= Supplied information =
☆ ☆ ☆

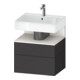 Duravit Meuble sous-lavabo Qatego 59x47x59 cm, blanc mat/gris mat, 1 porte, avec niche-1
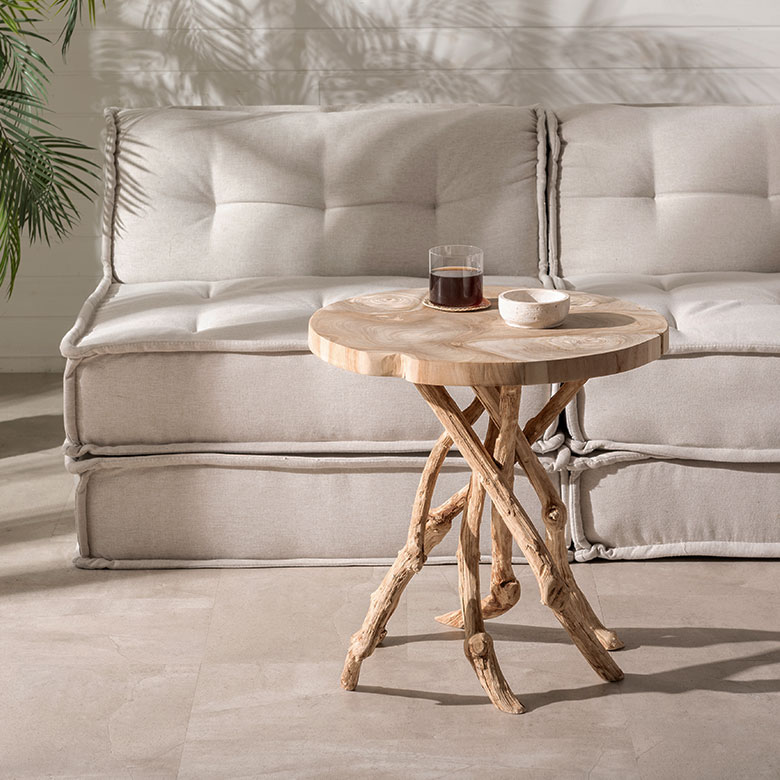 天然無垢チークウッドの無塗装サイドテーブル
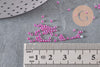 Perles rocailles miyuki rose transparent, Perle rocaille japonaise Carnation Pink Lined Crystal, rocaille perlage,15/0, 1.5mm, les 10g (G5399)
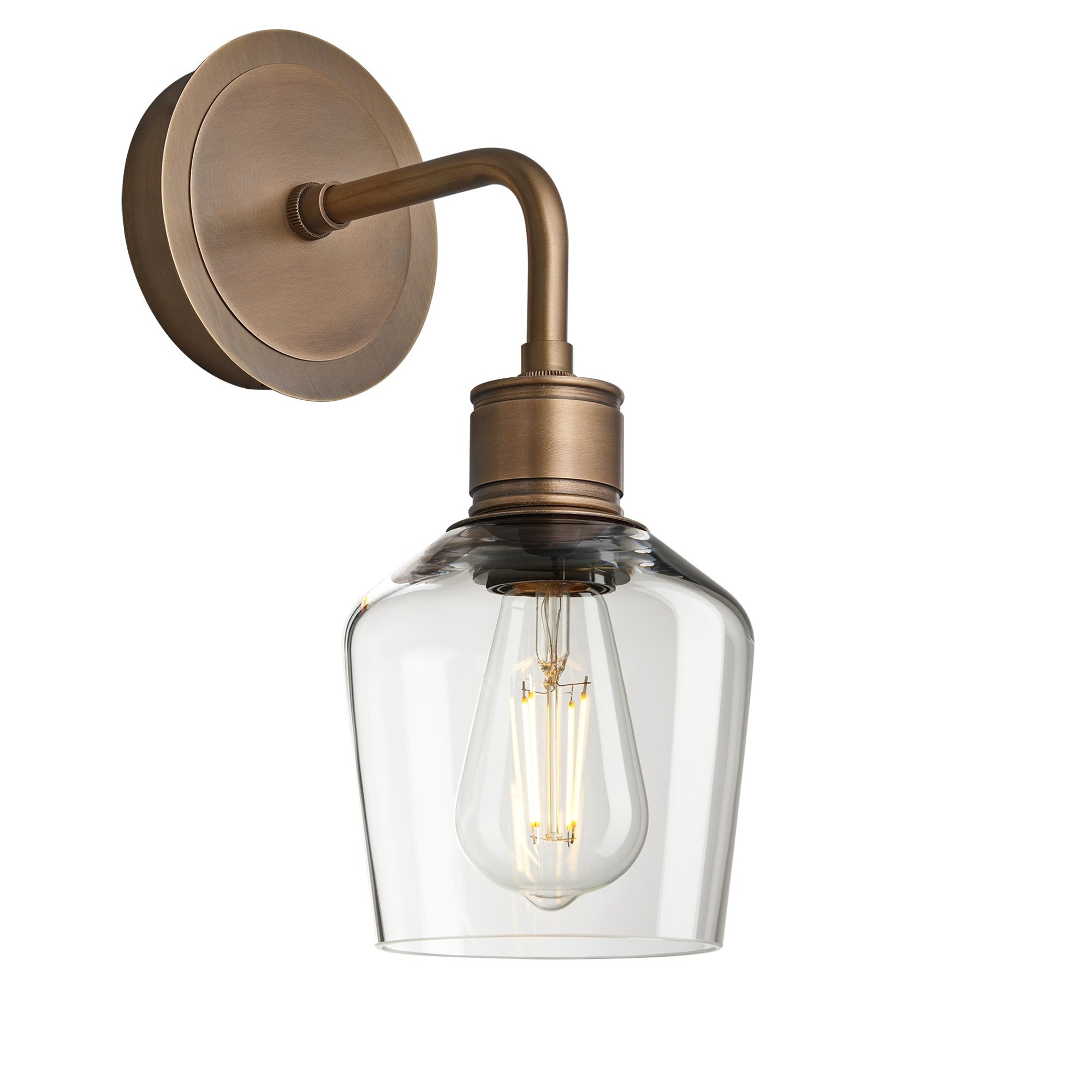 Albany Clear Glass Schoolhouse 5 Inch Single Wall Light with Brass holder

☆ ☆ ☆

= Problem to work on =
Starting with the first line of the data above and ending with the line containing "Perles rocailles miyuki", please restate every line exactly, leaving images out.

= Answer section =
 Duravit Meuble sous-lavabo Qatego 59x47x59 cm, blanc mat/gris mat, 1 porte, avec niche-1
 天然無垢チークウッドの無塗装サイドテーブル
 Perles rocailles miyuki rose transparent, Perle rocaille japonaise Carnation Pink Lined Crystal, rocaille perlage,15/0, 1.5mm, les 10g (G5399)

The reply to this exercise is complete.